Quantum Computations: an Analysis and Comparative Study

The Quantum Computer
A quantum computer is a device for computation that makes direct use of quantum mechanical phenomena, such as superposition and entanglement, to perform operations on data. The basic principle behind quantum computation is that quantum properties can be used to represent data and perform operations on these data.
Quantum computers will harness the power of atoms and molecules to perform memory and processing tasks. Quantum computers have the potential to perform certain calculations significantly faster than any silicon-based computer.Paul Benioff is credited with first applying quantum theory to computers in 1981. Benioff theorized about creating a quantum Turing machine. Most digital computers, like the one you are using to read this article, are based on the Turing Theory.

Turing in the 1930s, is a theoretical device that consists of tape of unlimited length that is divided into little squares. Each square can either hold a symbol (1 or 0) or be left blank. A read-write device reads these symbols and blanks, which gives the machine its instructions to perform a certain program. Well, in a quantum Turing machine, the difference is that the tape exists in a quantum state, as does the read-write head. This means that the symbols on the tape can be either 0 or 1 or a superposition of 0 and 1; in other words the symbols are both 0 and 1 (and all points in between) at the same time. While a normal Turing machine can only perform one calculation at a time, a quantum Turing machine can perform many calculations at once.

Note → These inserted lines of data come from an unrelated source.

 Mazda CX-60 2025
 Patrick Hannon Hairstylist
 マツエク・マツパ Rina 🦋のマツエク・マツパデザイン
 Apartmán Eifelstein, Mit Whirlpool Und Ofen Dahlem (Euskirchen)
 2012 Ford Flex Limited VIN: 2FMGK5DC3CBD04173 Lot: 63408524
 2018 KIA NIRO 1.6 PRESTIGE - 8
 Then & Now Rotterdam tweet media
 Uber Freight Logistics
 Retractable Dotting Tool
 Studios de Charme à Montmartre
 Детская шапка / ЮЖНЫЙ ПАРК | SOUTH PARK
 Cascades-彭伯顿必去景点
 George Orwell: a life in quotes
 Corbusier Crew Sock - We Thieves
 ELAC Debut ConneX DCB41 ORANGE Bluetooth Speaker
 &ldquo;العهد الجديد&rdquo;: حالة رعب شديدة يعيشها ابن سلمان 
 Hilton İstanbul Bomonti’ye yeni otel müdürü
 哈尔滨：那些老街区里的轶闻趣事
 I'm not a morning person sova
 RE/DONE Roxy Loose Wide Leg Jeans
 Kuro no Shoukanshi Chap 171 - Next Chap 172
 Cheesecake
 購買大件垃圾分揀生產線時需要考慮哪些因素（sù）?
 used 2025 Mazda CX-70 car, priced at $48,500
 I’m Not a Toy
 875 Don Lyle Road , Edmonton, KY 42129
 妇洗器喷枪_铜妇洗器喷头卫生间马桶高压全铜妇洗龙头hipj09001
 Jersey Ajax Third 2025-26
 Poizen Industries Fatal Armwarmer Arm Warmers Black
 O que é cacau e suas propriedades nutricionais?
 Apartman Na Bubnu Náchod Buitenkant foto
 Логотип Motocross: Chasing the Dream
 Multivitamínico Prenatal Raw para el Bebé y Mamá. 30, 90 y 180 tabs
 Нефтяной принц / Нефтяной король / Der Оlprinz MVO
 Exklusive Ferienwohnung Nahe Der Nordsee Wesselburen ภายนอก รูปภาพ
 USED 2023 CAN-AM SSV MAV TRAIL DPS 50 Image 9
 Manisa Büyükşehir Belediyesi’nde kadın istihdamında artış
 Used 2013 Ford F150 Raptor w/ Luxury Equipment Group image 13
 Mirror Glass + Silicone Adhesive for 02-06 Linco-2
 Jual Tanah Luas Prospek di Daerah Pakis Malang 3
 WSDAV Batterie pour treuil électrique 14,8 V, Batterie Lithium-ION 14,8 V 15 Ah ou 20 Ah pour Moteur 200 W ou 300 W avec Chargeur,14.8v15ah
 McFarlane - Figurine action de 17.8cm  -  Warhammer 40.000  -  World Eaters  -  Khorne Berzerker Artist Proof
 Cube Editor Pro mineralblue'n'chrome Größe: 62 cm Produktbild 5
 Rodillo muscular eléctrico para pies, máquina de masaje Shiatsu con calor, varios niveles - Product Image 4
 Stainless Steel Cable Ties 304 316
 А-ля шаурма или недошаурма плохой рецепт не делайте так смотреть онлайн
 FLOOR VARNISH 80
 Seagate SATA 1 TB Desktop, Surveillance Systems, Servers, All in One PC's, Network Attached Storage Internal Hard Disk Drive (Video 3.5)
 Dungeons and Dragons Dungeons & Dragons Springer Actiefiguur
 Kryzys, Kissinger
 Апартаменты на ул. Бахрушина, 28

Today’s computers, like a Turing machine, work by manipulating bits that exist in one of two states: a 0 or a 1. Quantum computers aren’t limited to two states; they encode information as quantum bits, or qubits, which can exist in superposition. Qubits represent atoms, ions, photons or electrons and their respective control devices that are working together to act as computer memory and a processor. Because a quantum computer can contain these multiple states simultaneously, it has the potential to be millions of times more powerful than today’s most powerful supercomputers.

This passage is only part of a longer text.